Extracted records
——

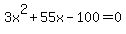 3x%5E2%2B55x-100=0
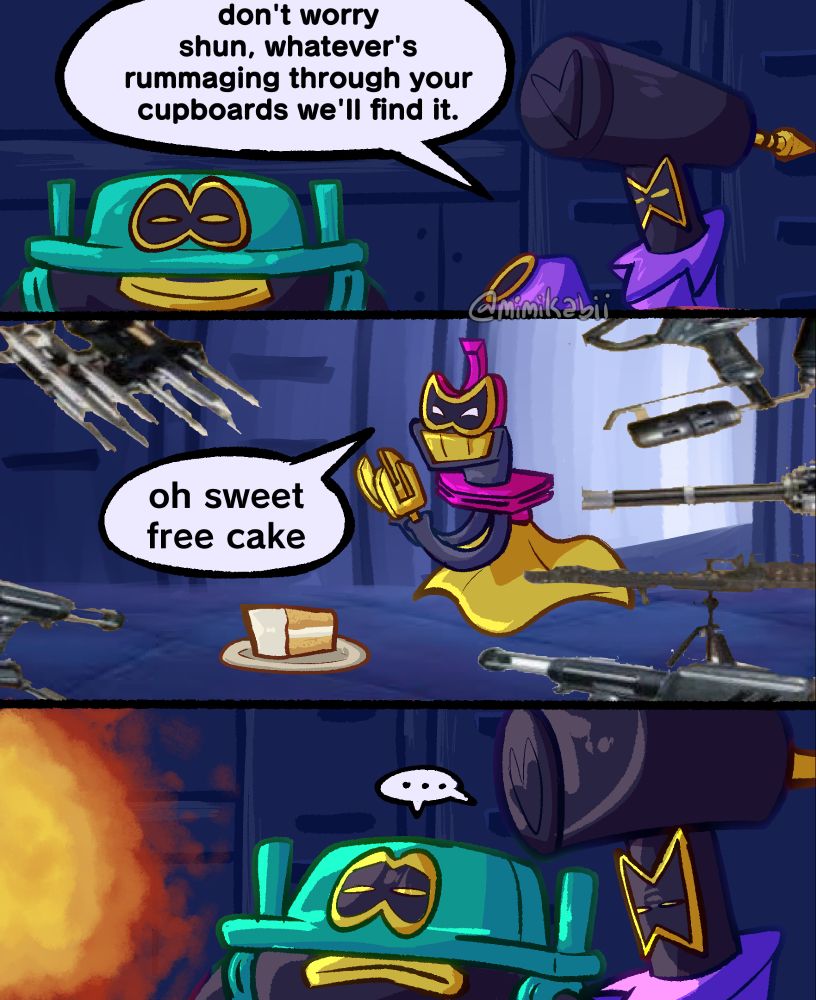 first panel shows shun and ten, with ten's saying "Don't worry Shun, whatever's rummaging through your cupboards we'll find it.". Next panel shows Ecks coming into the lab rubbing his "hands" together while seeing a piece of cake, unaware of the traps set up. Eck's is saying ""Oh sweet, free cake" while smiling. The next panel shows an explosion and Shun looking upset and Ten looking Annoyed.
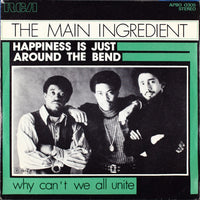 The Main Ingredient : Happiness Is Just Around The Bend (7")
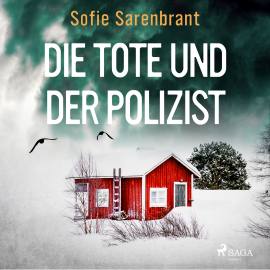 Hörbuch Die Tote und der Polizist  - Autor Sofie Sarenbrant   - gelesen von Julia Fischer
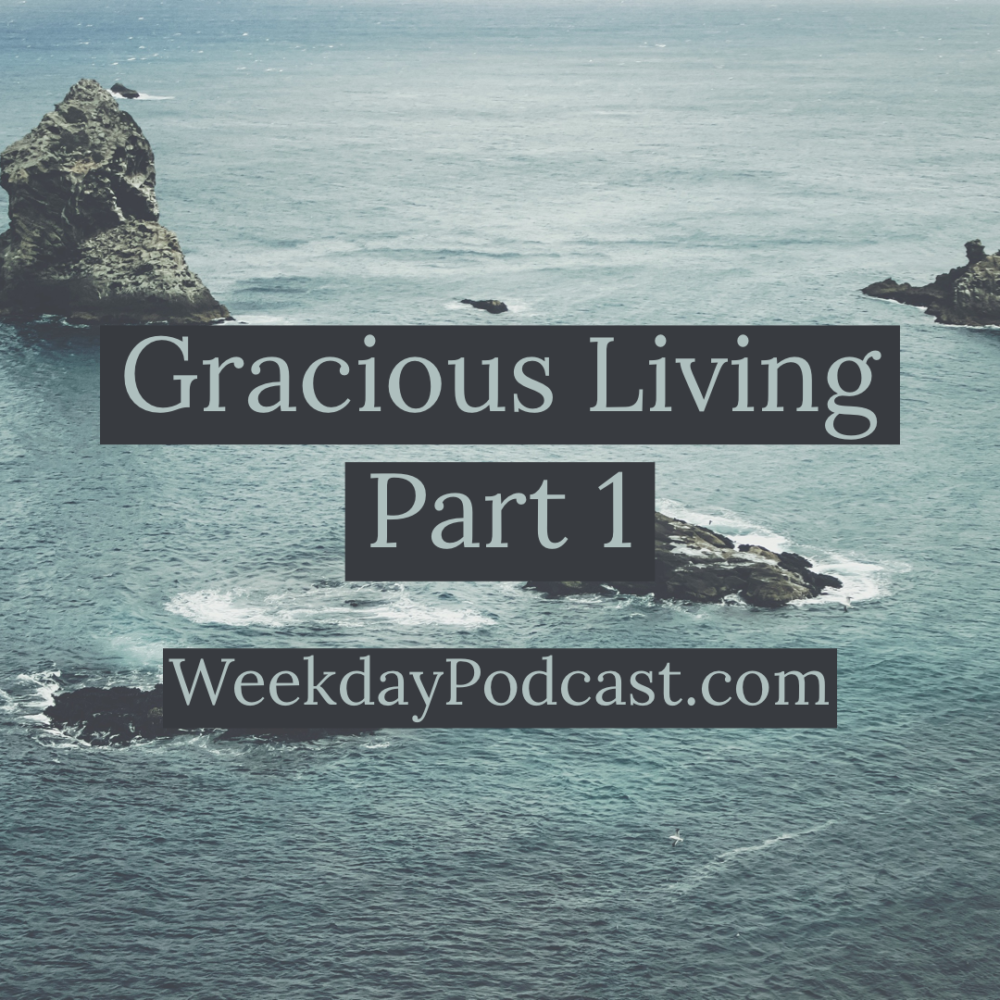 Gracious Living: Part 1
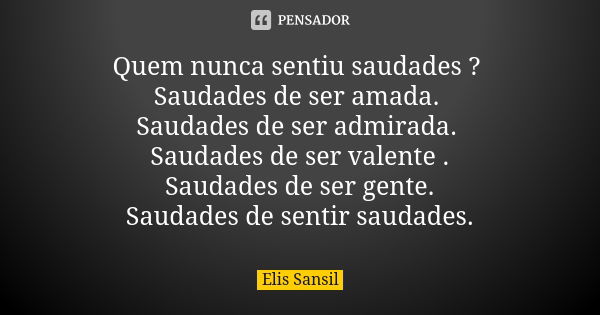 Quem nunca sentiu saudades ? Saudades de ser amada. Saudades de ser admirada. Saudades de ser valente . Saudades de ser gente. Saudades de sentir saudades.... Frase de Elis Sansil.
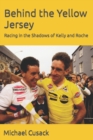 Image for Behind the Yellow Jersey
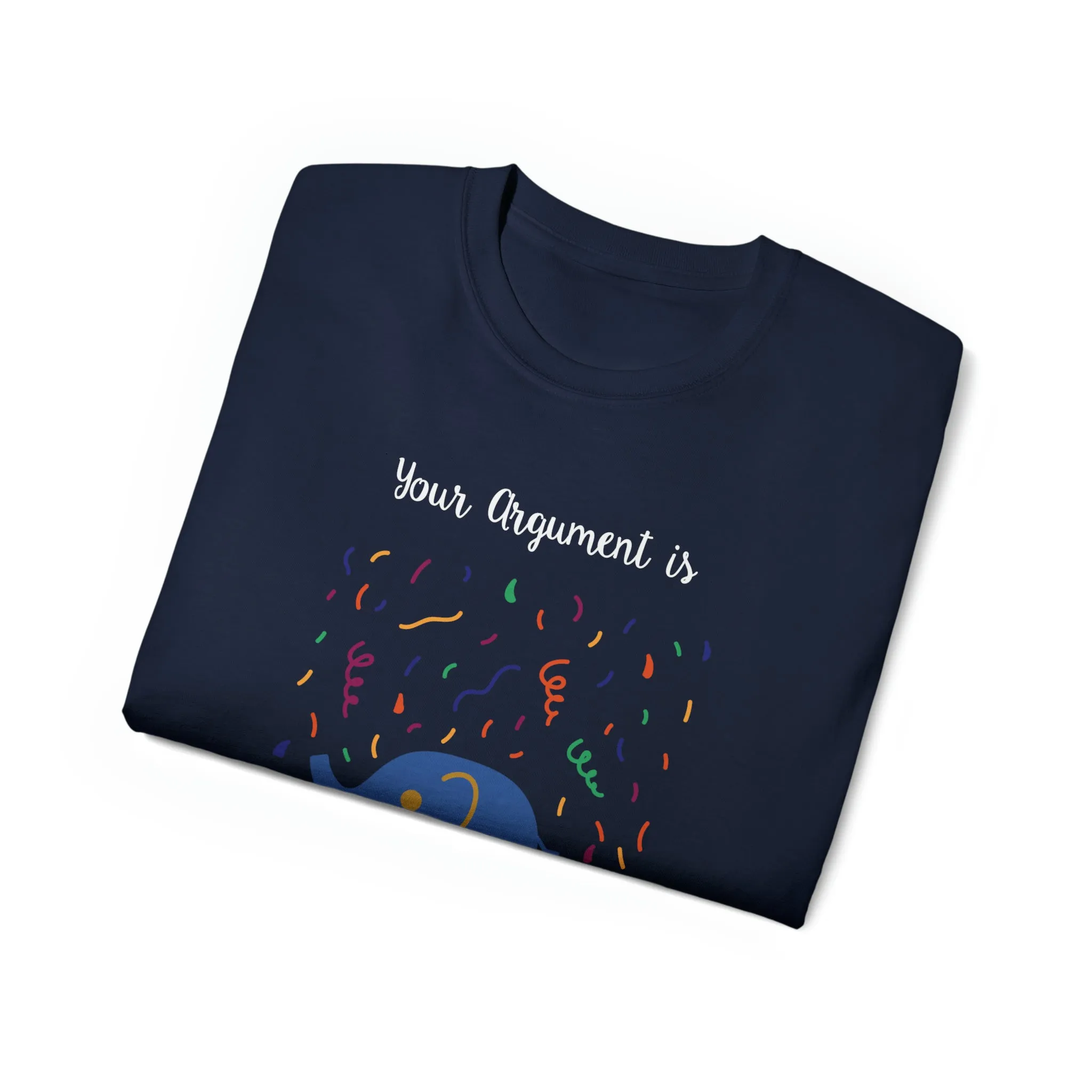Your argument is irrelephant Unisex Ultra Cotton Tee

——

> [TASK GOAL]
Return the entries above exactly and in full; do not include images.

> [THE COMPLETED TASK]
 3x%5E2%2B55x-100=0
 first panel shows shun and ten, with ten's saying "Don't worry Shun, whatever's rummaging through your cupboards we'll find it.". Next panel shows Ecks coming into the lab rubbing his "hands" together while seeing a piece of cake, unaware of the traps set up. Eck's is saying ""Oh sweet, free cake" while smiling. The next panel shows an explosion and Shun looking upset and Ten looking Annoyed.
 The Main Ingredient : Happiness Is Just Around The Bend (7")
 Hörbuch Die Tote und der Polizist  - Autor Sofie Sarenbrant   - gelesen von Julia Fischer
 Gracious Living: Part 1
 Quem nunca sentiu saudades ? Saudades de ser amada. Saudades de ser admirada. Saudades de ser valente . Saudades de ser gente. Saudades de sentir saudades.... Frase de Elis Sansil.
 Image for Behind the Yellow Jersey
Your argument is irrelephant Unisex Ultra Cotton Tee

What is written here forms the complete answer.